A couple of weeks ago I received a humbling invitation from Professor Tracey Rowland to launch her latest book, Unconformed to the Age: Essays in Catholic Ecclesiology. The book launch will be held at 7pm this Wednesday at St Peter’s Catholic Church in Toorak.

Professor Rowland is Australia’s foremost Catholic theologian and holds the St John Paul II Chair of Theology at the University of Notre Dame, Australia. She holds doctorates from Cambridge University and the Pontifical Lateran University (Rome). In 2020 she was awarded the prestigious Ratzinger Prize for theology and in 2023 was appointed to the Pontifical Academy of the Social Sciences.

I first came to know Professor Rowland as a seminarian while she was Dean of the John Paul II Institute for Marriage and Family (Melbourne) and then during my appointment as assistant priest in Box Hill. She has always been a wonderful supporter of vocations, seminarians and priests.

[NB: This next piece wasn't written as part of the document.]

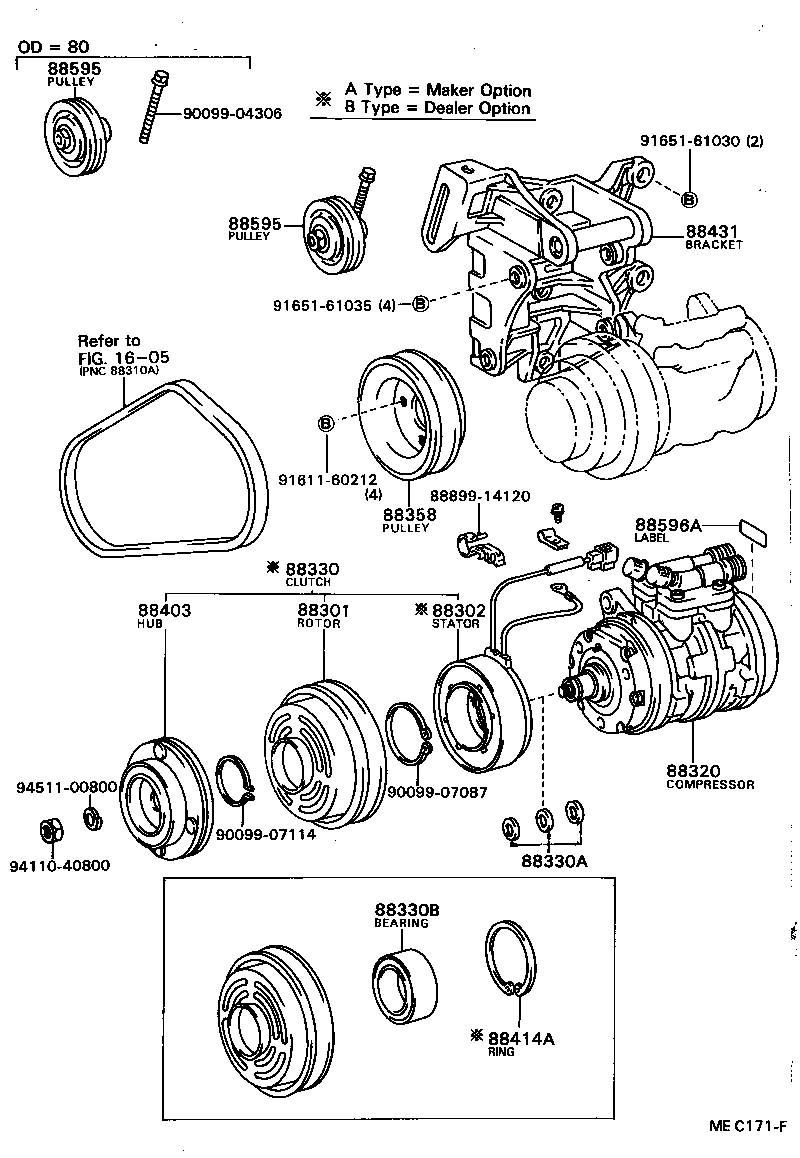  TERCEL |  HEATING AIR CONDITIONING COMPRESSOR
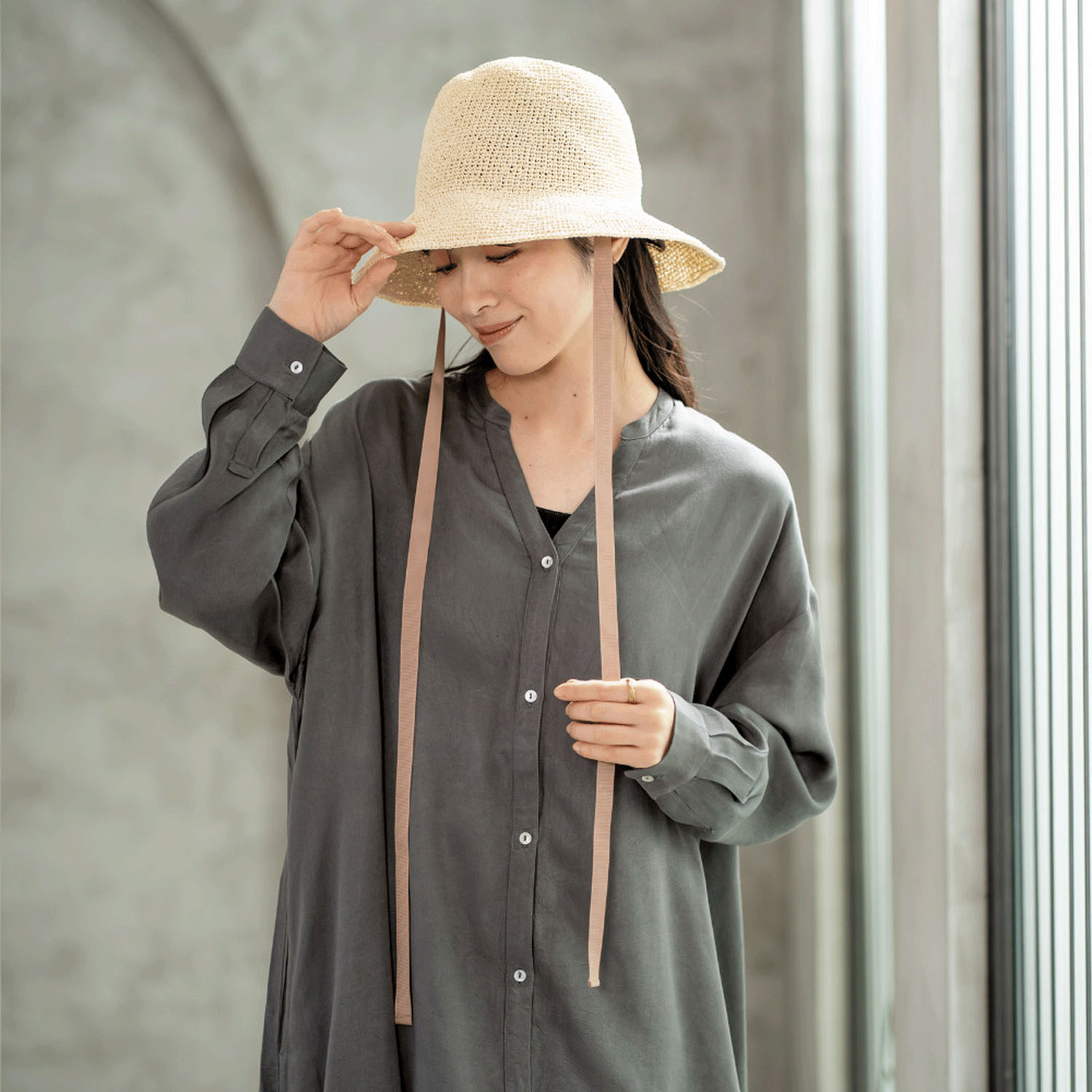 軽くて涼しい たためるペーパークロシェハット - 画像11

Professor Rowland’s latest book is aptly dedicated to “the young priests and religious who have offered their lives in the service of something other than a multinational bureaucracy.” In recent decades, the Catholic Church has become increasingly bureaucratic, a phenomenon that Professor Rowland humorously dubs “Catholic Inc.” Professor Rowland observes that, although church bureaucracy can develop for well-intentioned reasons, it nevertheless reveals a lack of confidence in the sacramental and hierarchical structure God Himself gave the Church. Drawing on Pope Benedict XVI, Professor Rowland explains that the Church’s God-given structure serves Her God-given mission: bringing humanity into communion with the Triune God through. By its very nature, bureaucracy obstructs and frustrates this communion. In a world saturated with paralysing corporate governance theory, Professor Rowland makes the case that the Church must follow the example of her Master in being unconformed to the age.